### WHAT TO DO
For the entries below, work out how many lines contain the string "Cartoon" and write only the number.

>>>

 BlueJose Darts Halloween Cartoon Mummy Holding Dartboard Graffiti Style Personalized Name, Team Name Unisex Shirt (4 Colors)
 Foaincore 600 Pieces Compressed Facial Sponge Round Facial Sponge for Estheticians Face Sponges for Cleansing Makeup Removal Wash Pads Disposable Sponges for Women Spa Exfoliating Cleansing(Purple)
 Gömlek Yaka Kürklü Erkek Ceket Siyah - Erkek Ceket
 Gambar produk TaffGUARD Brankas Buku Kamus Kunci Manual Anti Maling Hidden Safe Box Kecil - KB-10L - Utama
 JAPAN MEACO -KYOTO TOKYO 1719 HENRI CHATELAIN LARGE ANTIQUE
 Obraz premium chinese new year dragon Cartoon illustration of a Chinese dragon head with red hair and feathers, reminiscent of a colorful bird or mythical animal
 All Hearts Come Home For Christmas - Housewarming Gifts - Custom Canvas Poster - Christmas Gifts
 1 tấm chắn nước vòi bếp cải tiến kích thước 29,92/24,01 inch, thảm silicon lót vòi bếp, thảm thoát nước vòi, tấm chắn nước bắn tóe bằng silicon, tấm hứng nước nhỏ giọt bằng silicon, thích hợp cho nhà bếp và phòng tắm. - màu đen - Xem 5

<<<

### COMPLETED EXERCISE
2